Make the boyfriend more than just "MC's boyfriend".

Give him a life of his own, a (minor) role in the story beyond the doomed relationship. Maybe tell some of the "home front" part of the story from his point of view. Then you also don't have to throw the character away after the breakup - he's still around, doing stuff that matters, perhaps even something relevant to the main plot.


You seem to want there to be a throwaway relationship on the one hand but not on the other hand.

There are of course subtleties and degrees, but, in a broad analysis, either it is a throwaway relationship—and you shouldn't worry about there being little tension over it disappearing (at least not in terms of pages of writing)—or it isn't a throwaway relationship and there should be more going on to make it obvious that it's not a simple decision.
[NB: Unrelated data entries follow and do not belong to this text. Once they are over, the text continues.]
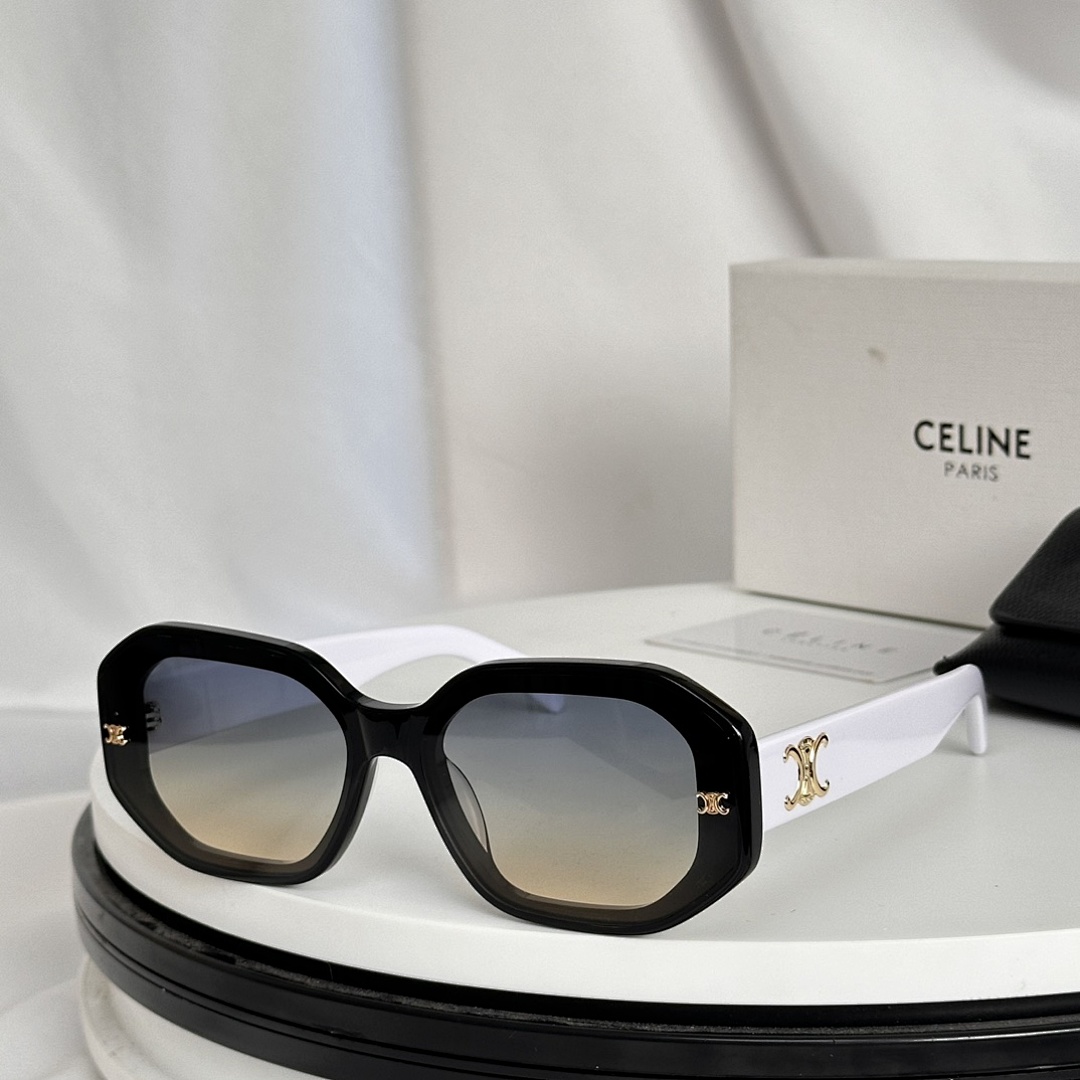 Other CELINEMODELCL 40317SIZE64 16-145_ - Image 7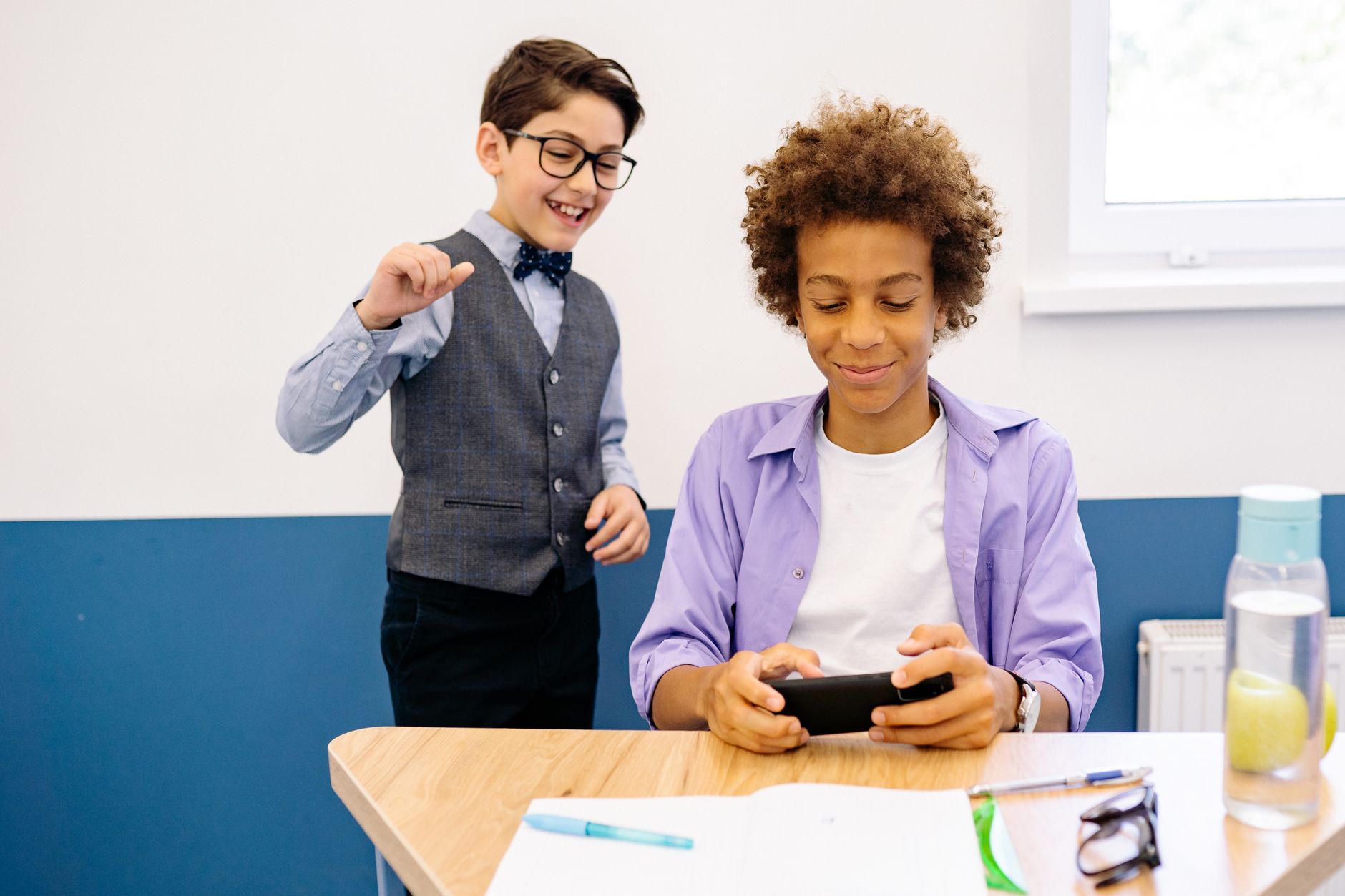 Using Gamification to Engage Students in Learning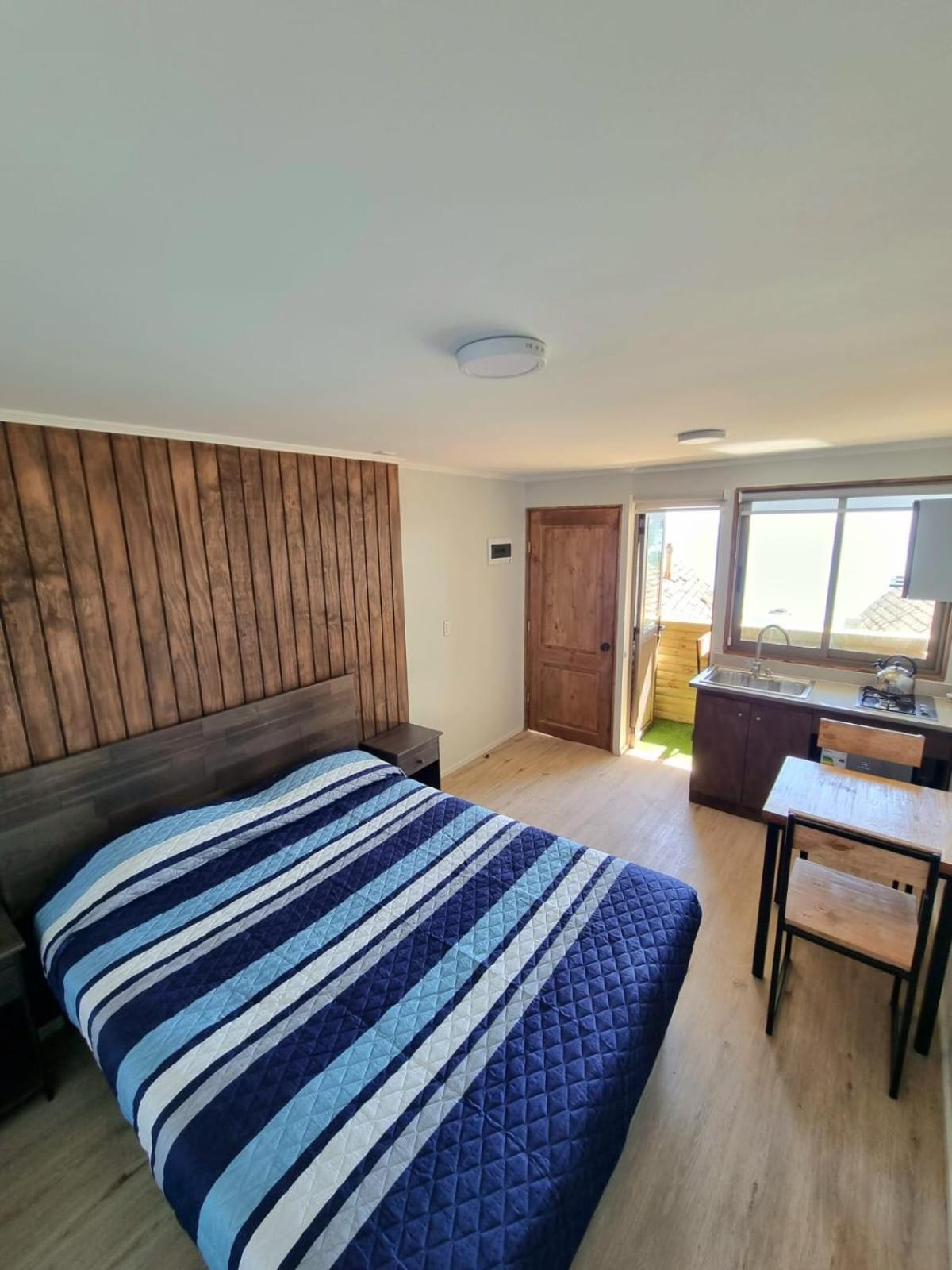 Aparthotel Al Mar Vina del Mar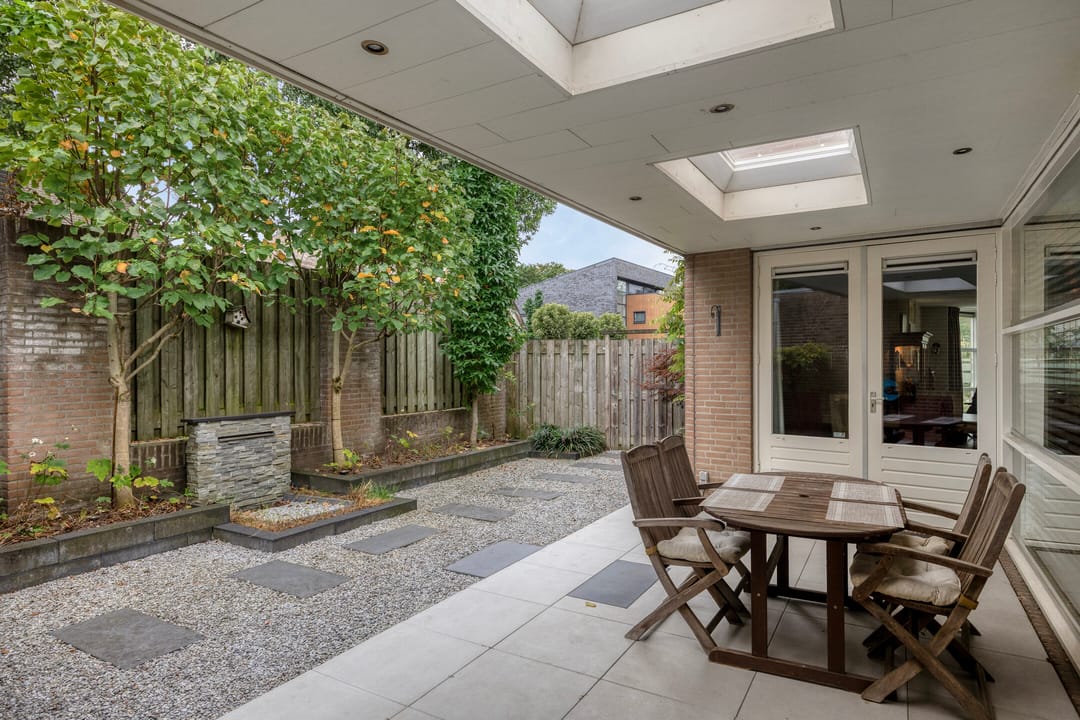 Foto 31 van Stockhekken 47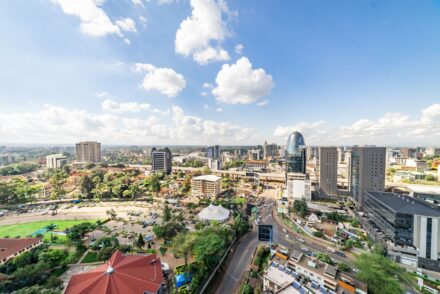 Digital Realty expands Kenyan campus with 6.2 MW data center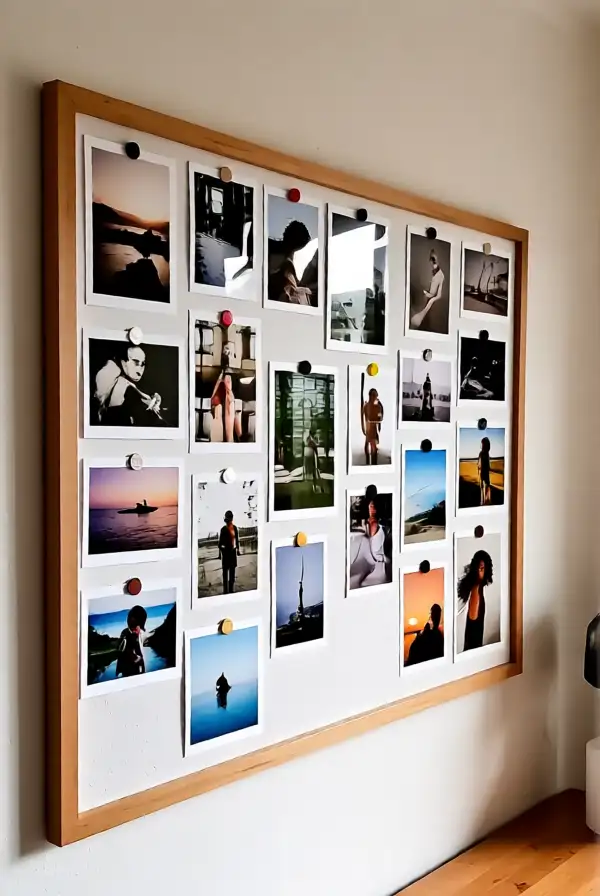 Organize Your Layout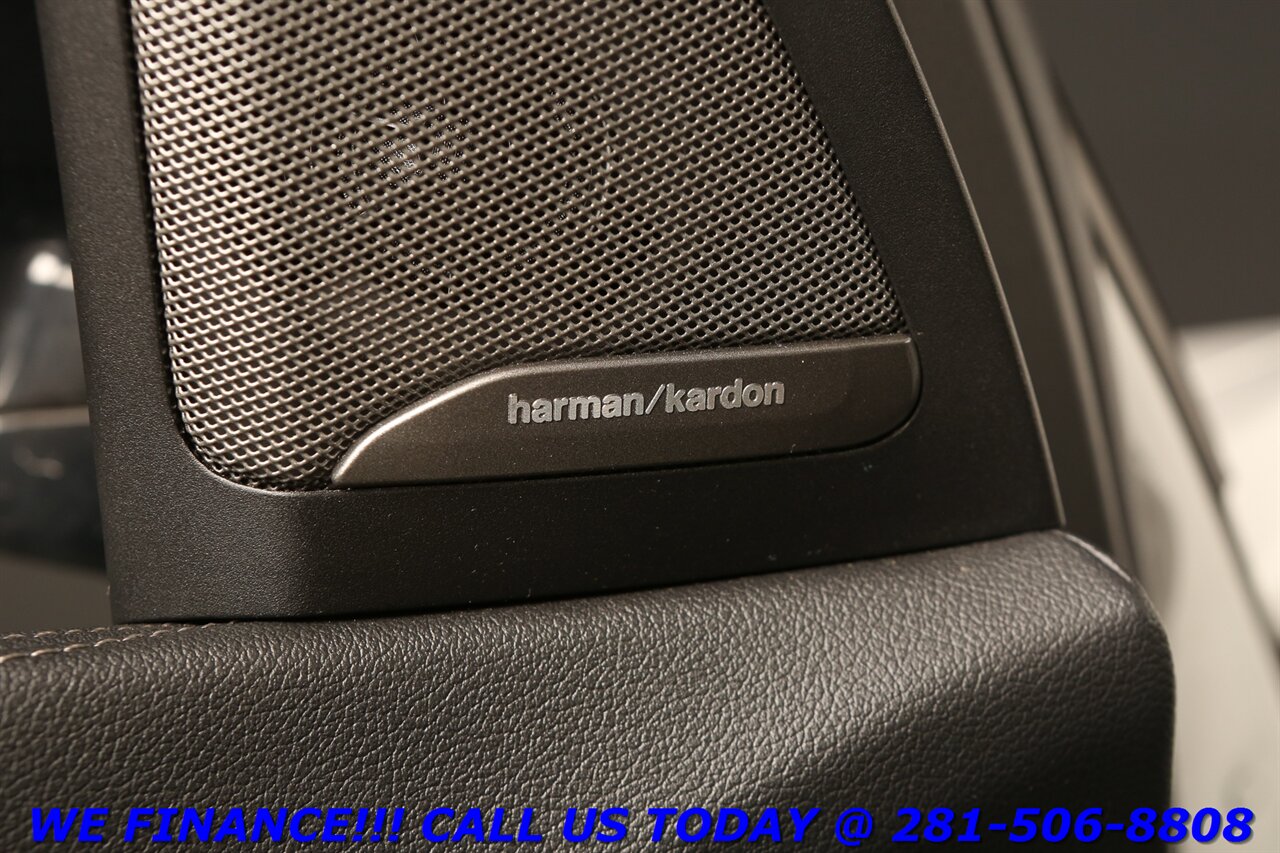 2020 BMW X7 2020 xDrive40i AWD PREM LUX COLD PARK ASST PKG 3RO - Photo 27 - Houston, TX 77031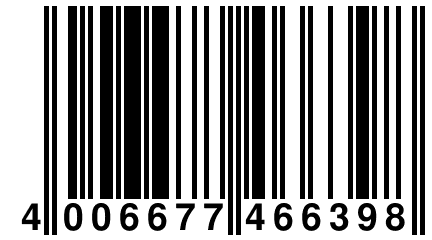 4 006677 466398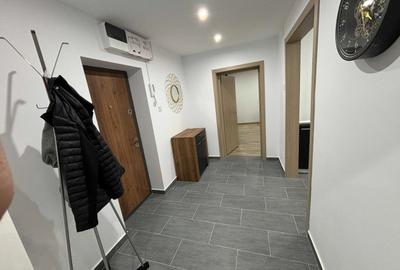 AP. 2 CAMERE CALEA CALARASILOR, BUCATARIE INCHISA, MOBILAT/UTILAT - 6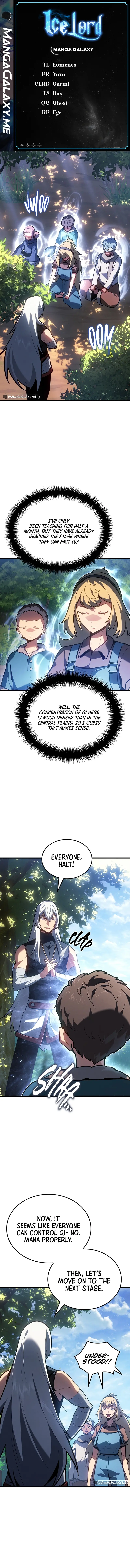 Ice Lord, chapter 12, page 1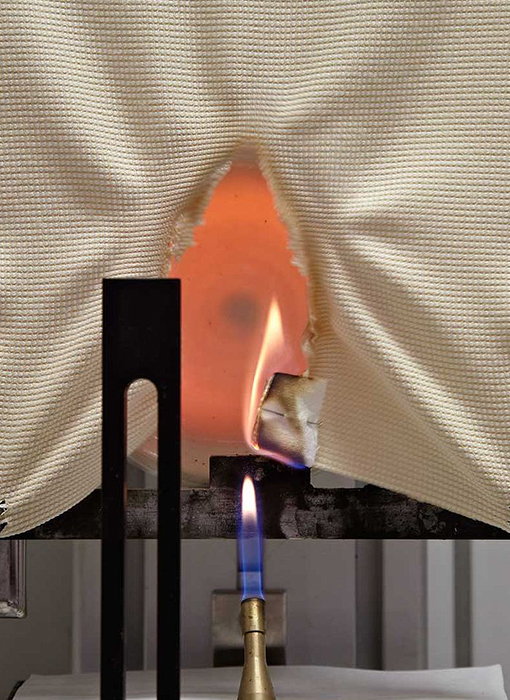 Zhejiang Xusen Retardants Incorporated Company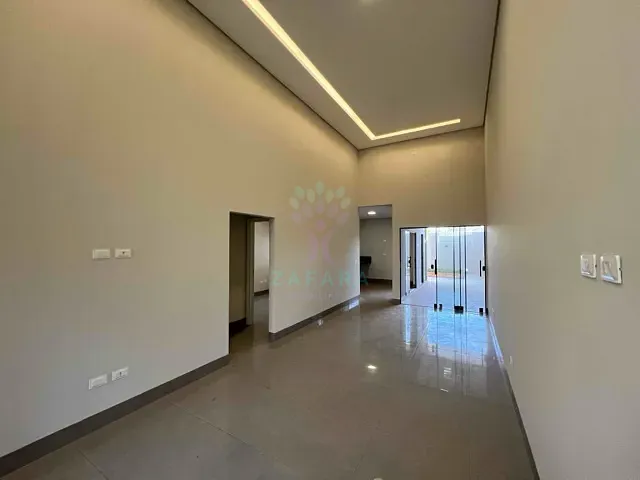 Casa com 225m² 3 quartos e 3 banheiros, à venda, no bairro Parque Residencial Rita Vieira em Campo Grande
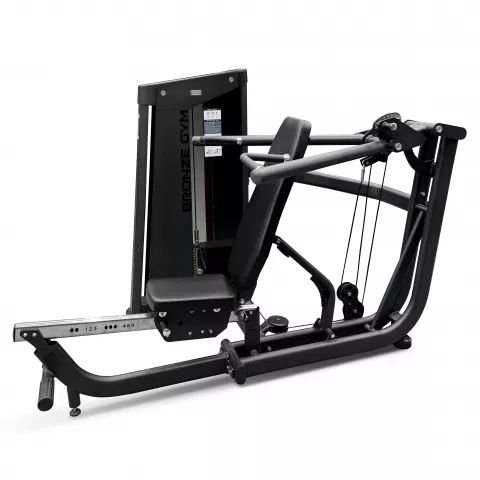 Жим от груди/плеч BRONZE GYM NEO 88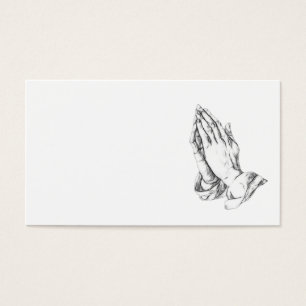 Praying hands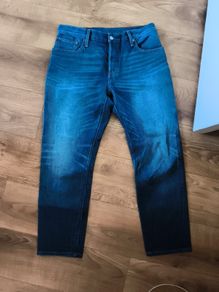 vintage levi strauss 501 CT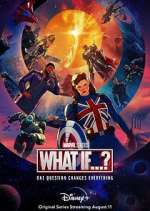 Watch What If...? Movie4k
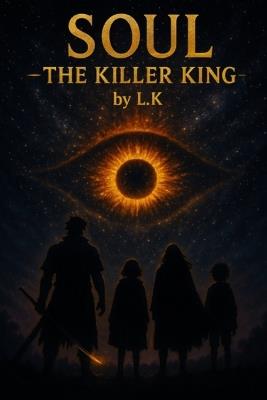 Soul - The killer King - Leonardo Cruz,L K Nocturne - cover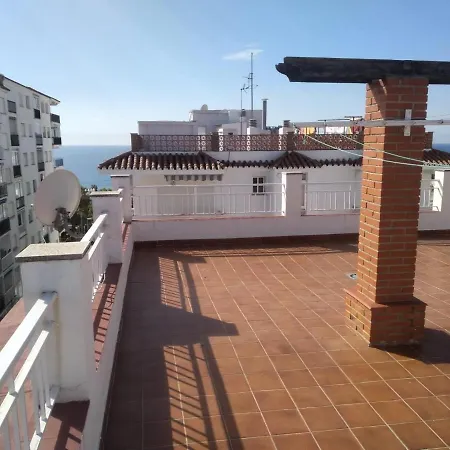 Sun Solmarengo Torrecilla * Nerja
For instance, give them a child together. That would make it dramatically more difficult for the MC to decide to abandon one life in favour of another. And it might keep readers guessing a lot longer as to whether or not that will actually happen. The stakes, and the tension, would be all the greater. It would also make the readers care more about the relationship than they would about one where it's really just two separate people each going their own way and putting the past behind them. (People break up all the time, but it's more significant when a breakup leaves longer-lasting effects than just moving on to someone else.)

The most effective learning experiences are those which are painful, but from which you grow and adapt anyway.

Or, go the other way and only summarize the breakup. The character can still suffer—you can describe things that happen to him that indicate that—but the reader doesn't need to be aware of all of the details around them as they happen. Relay events in a short series of vignettes or flashbacks. You can indicate the suffering and growth, but still preserve the bulk of the tension of the story for what comes after the breakup.